┌─ DATA FOR ANALYSIS

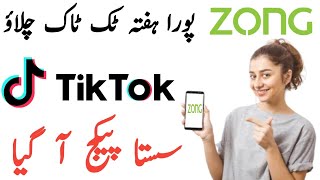 zong weekly tiktok package code  Zong tiktok offer 2021 [upl. by Aneeres]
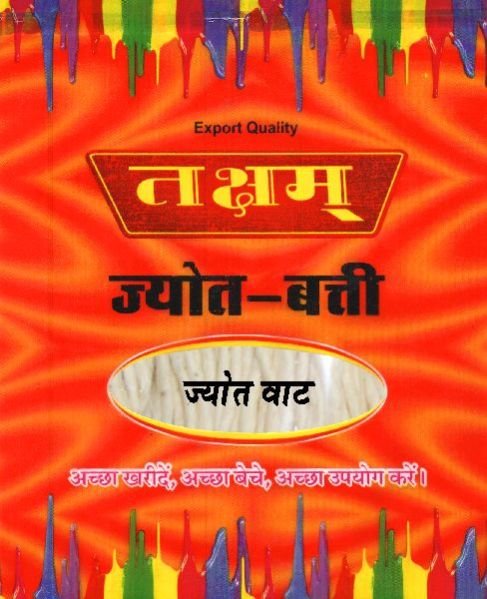 483G Jyot Batti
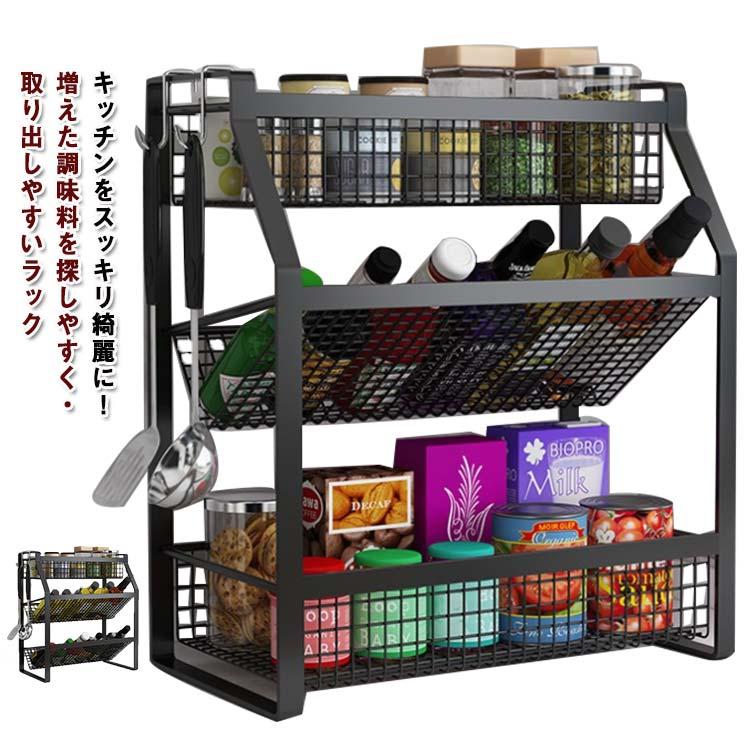 大人气12月のおすすめスパイスラック 調味料 キッチン スパイス 収納 3段 スリム 収納ラック 収納 スパイスボトル コンパクト 調味料スタンド 省スペース ミニラック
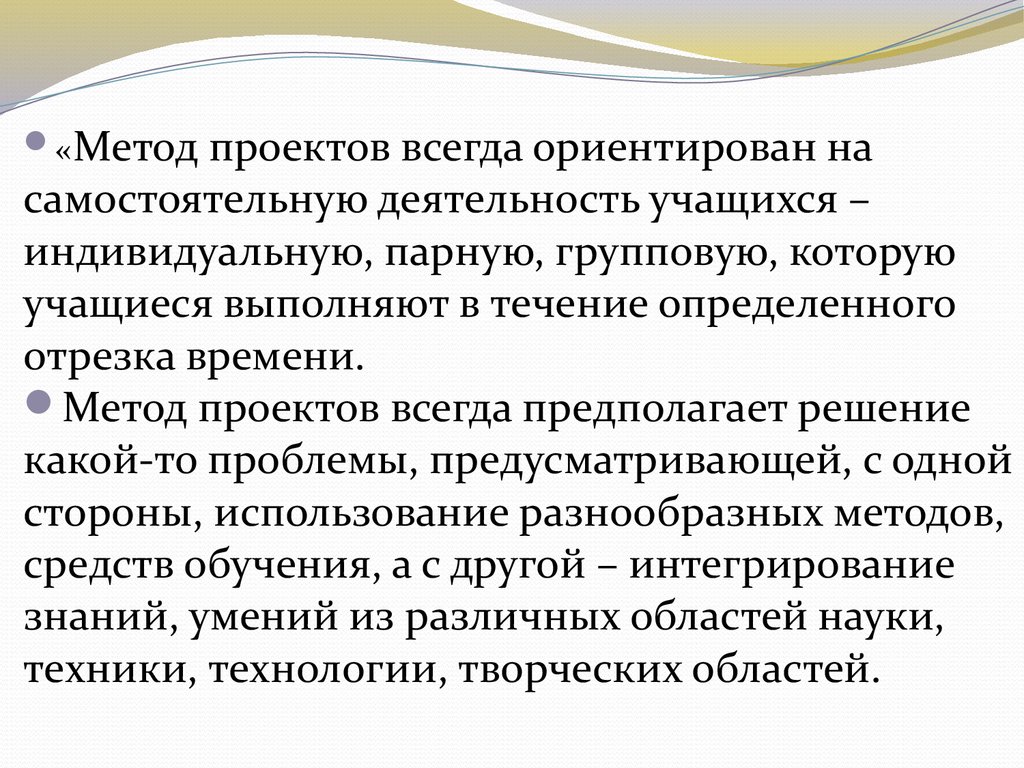 Проект всегда предполагает тест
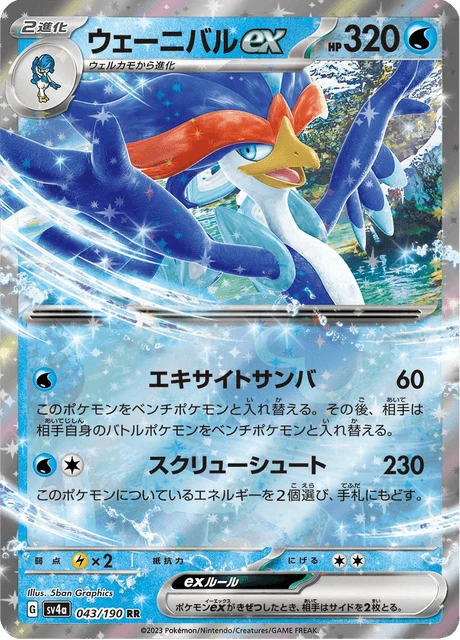 Quaquaval ex – Holo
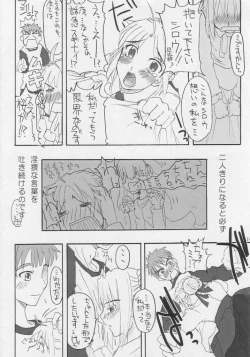 Page 12 of Future Fix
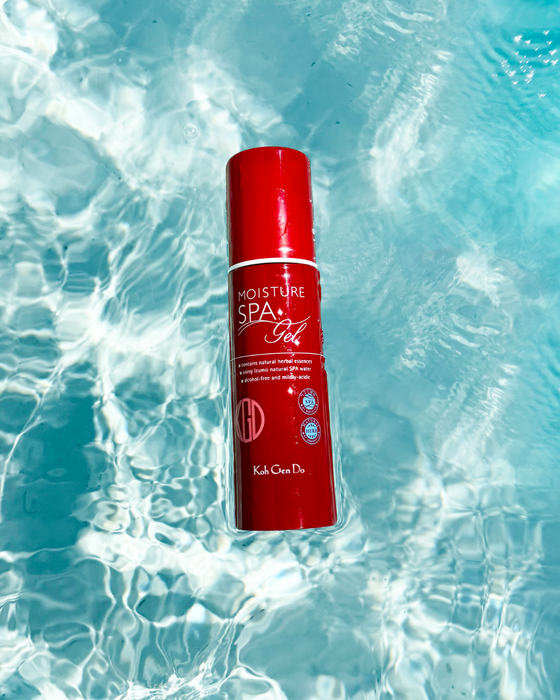 Less steps. Better skin.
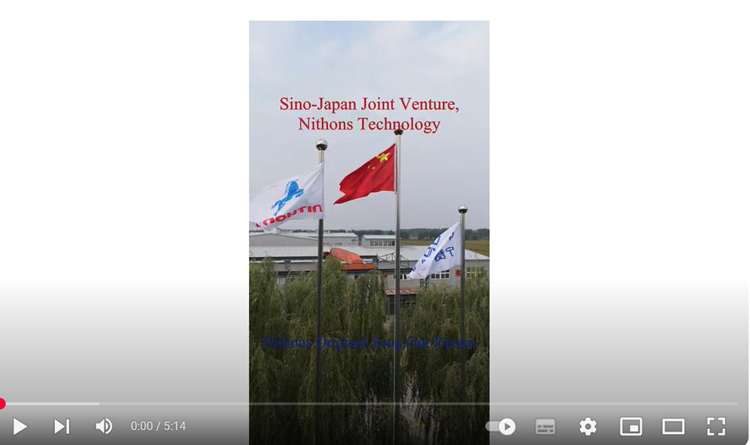 Nithons plant video_oilfield testing instrument_cementing lab instrument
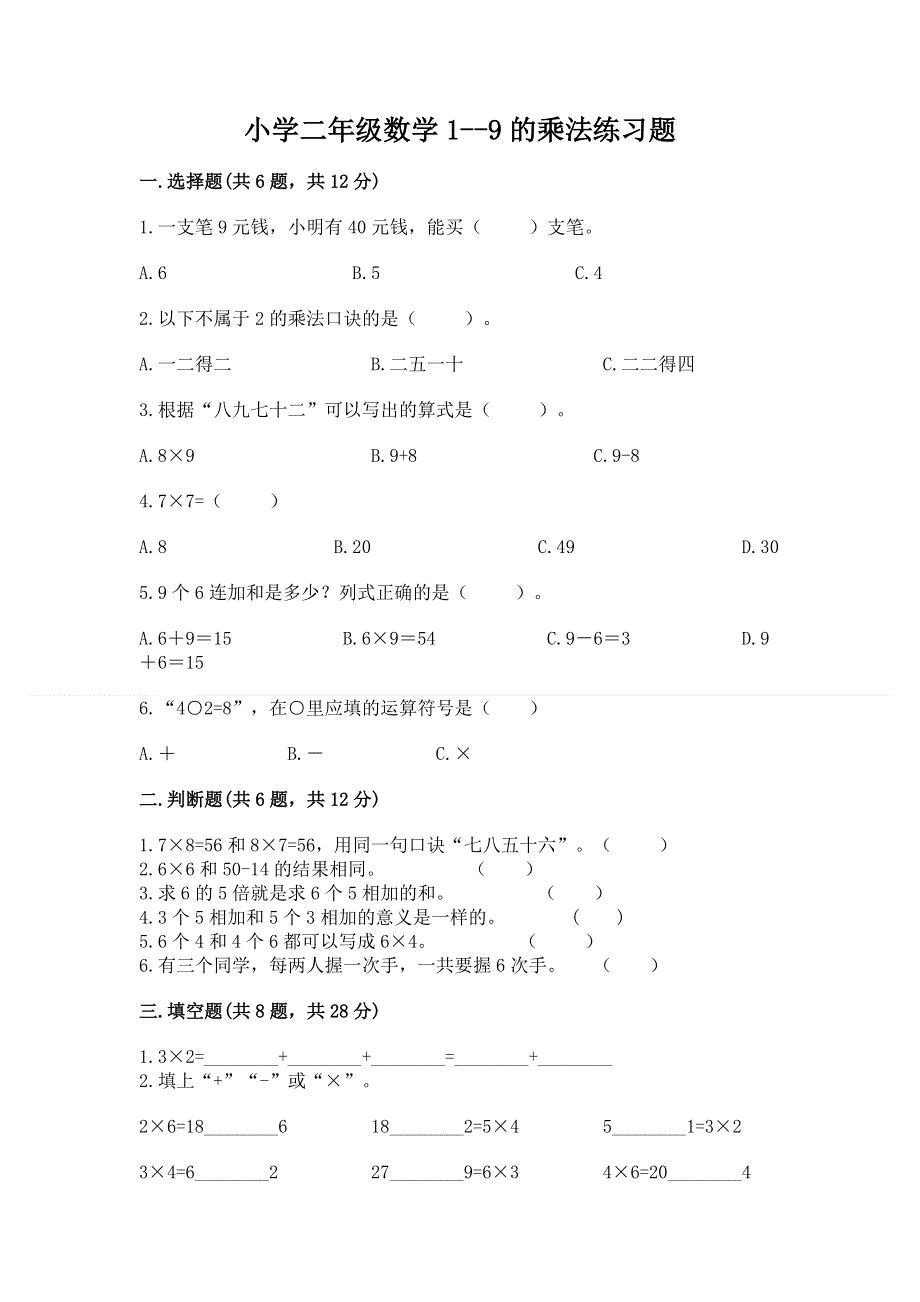 小学二年级数学1--9的乘法练习题及参考答案【轻巧夺冠】.docx_第1页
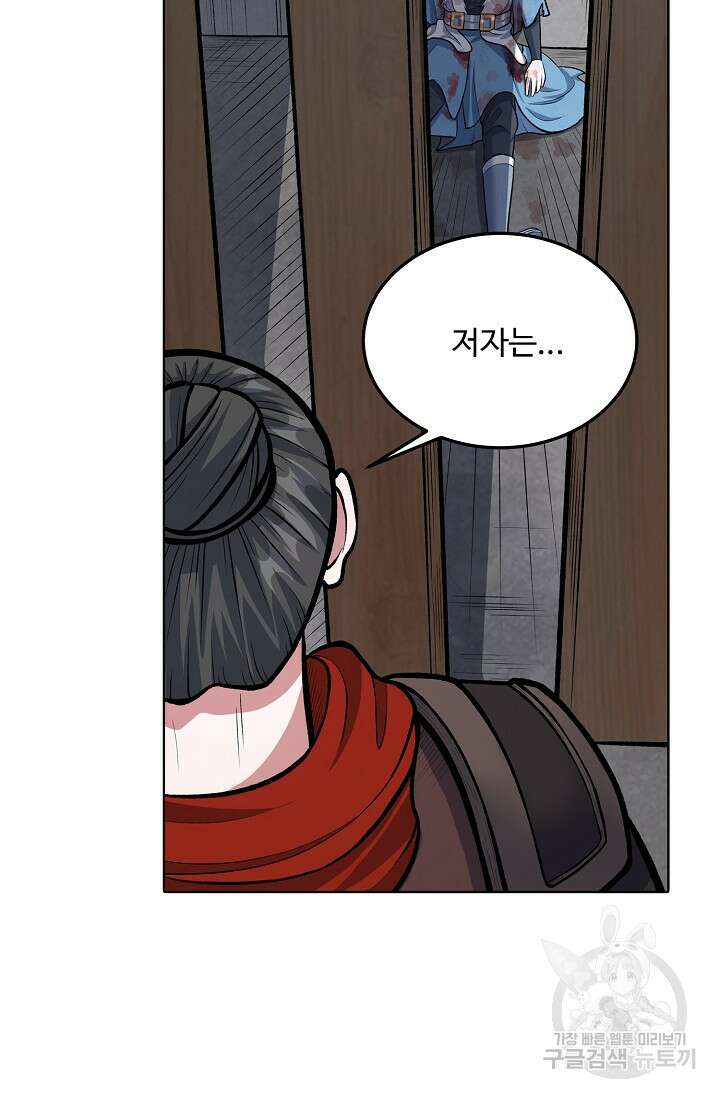 무도독존 356화 76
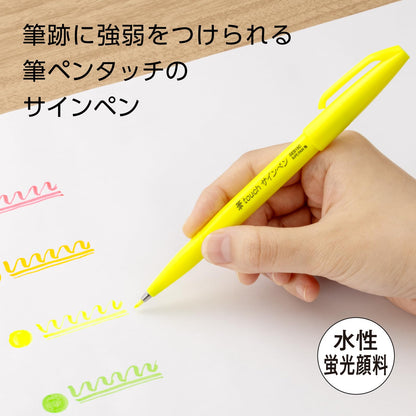 Pentel SES15C-LM6STE Brush Touch Sign Pen, Set of 6 Colors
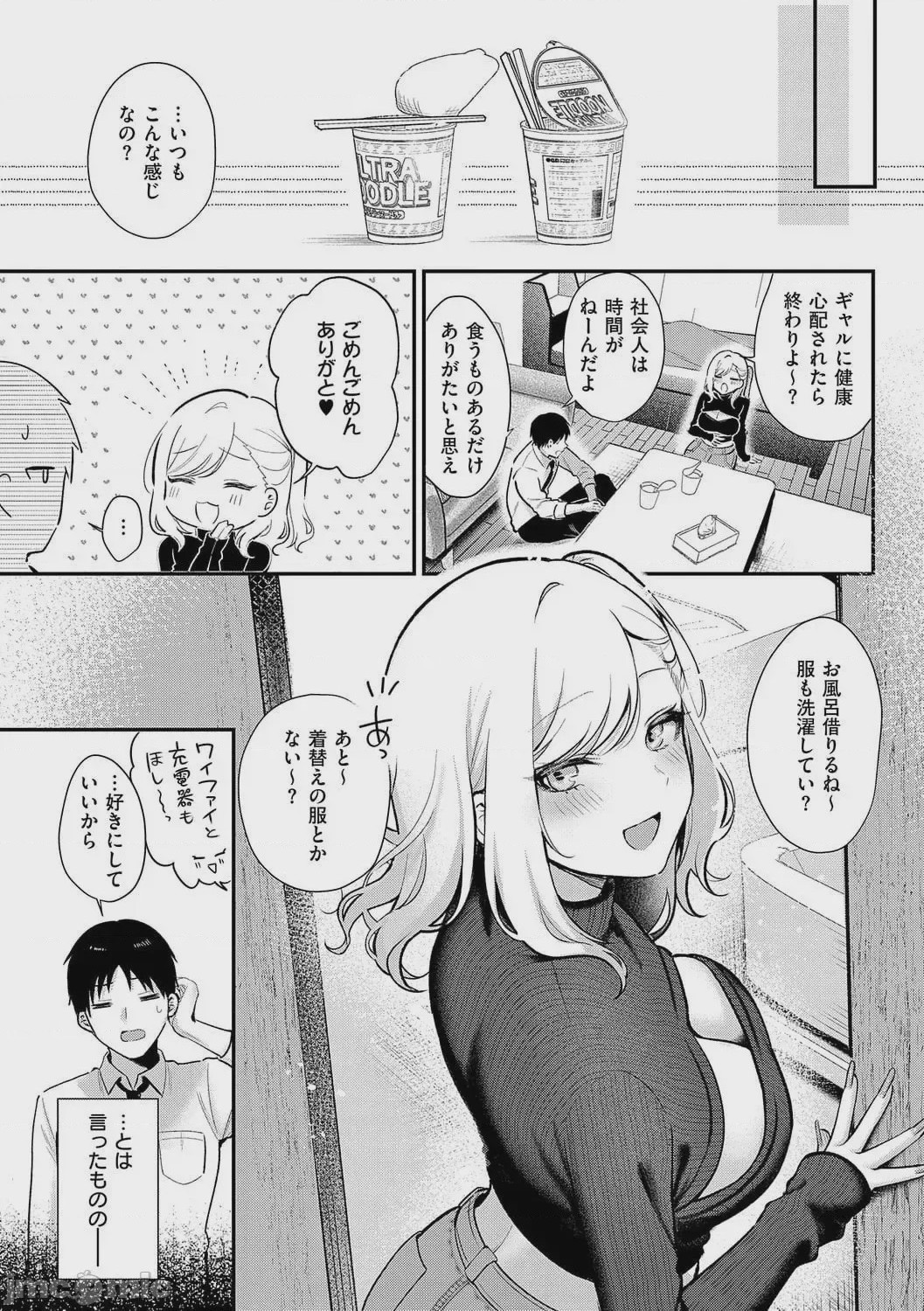 第1话，第 54 页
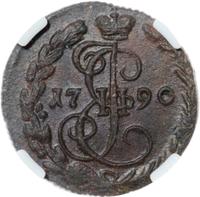 Денга 1790 года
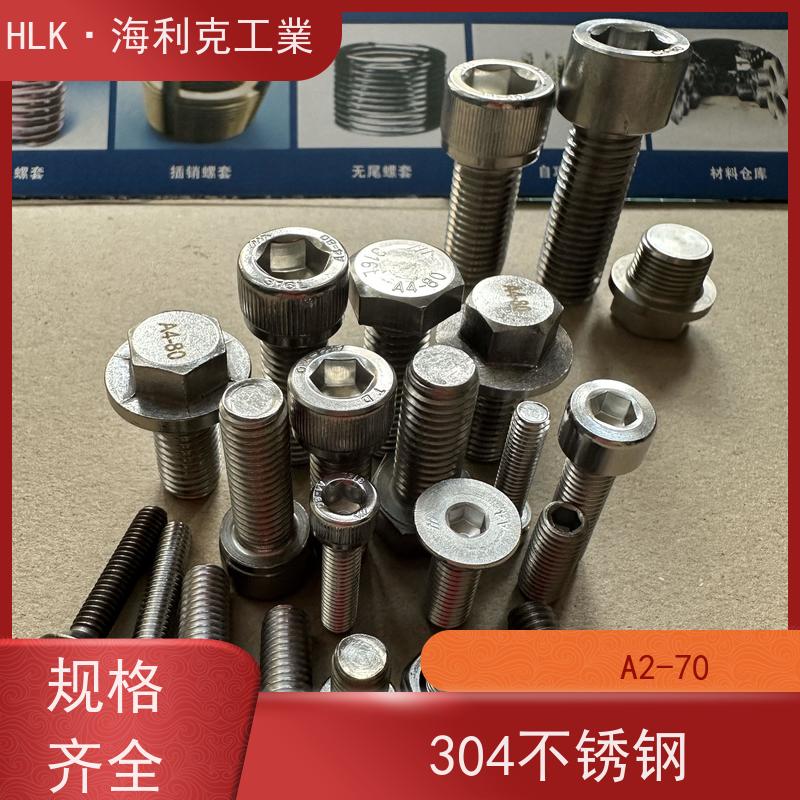 海利克工業 gb70.2内六角半圆头螺钉 321不锈钢 M8M10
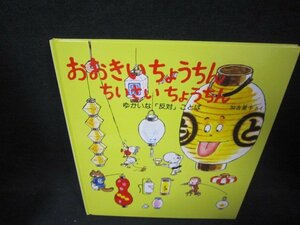 おおきいちょうちんちいさいちょうちん　福音館書店　カバー無/OCA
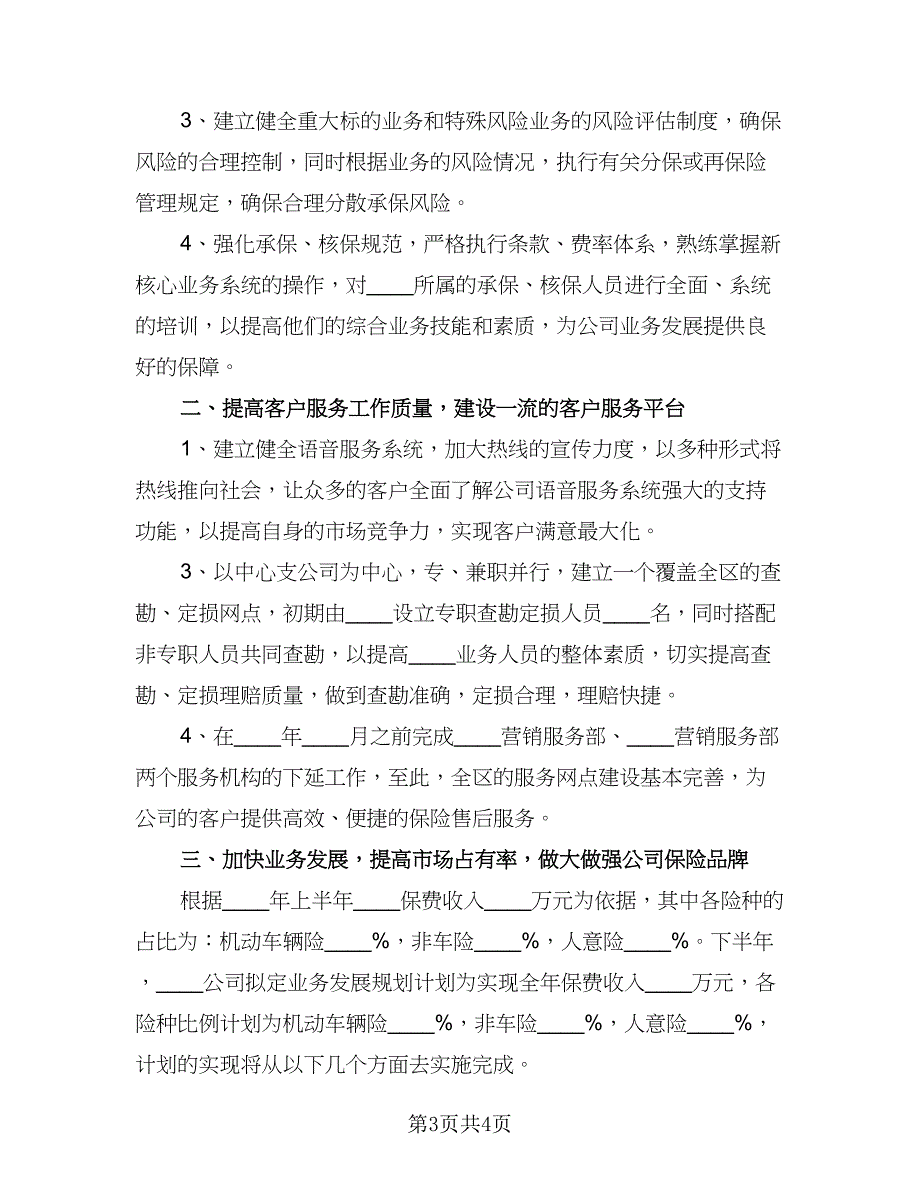 保险公司员工工作计划模板（二篇）.doc_第3页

└─

## YOUR ASSIGNMENT
The answer should contain only the lines from the one with "Денга 1790 года" through the last line of the material, given word for word and without pictures.

## YOUR SOLUTION
 Денга 1790 года
 海利克工業 gb70.2内六角半圆头螺钉 321不锈钢 M8M10
 おおきいちょうちんちいさいちょうちん　福音館書店　カバー無/OCA
 保险公司员工工作计划模板（二篇）.doc_第3页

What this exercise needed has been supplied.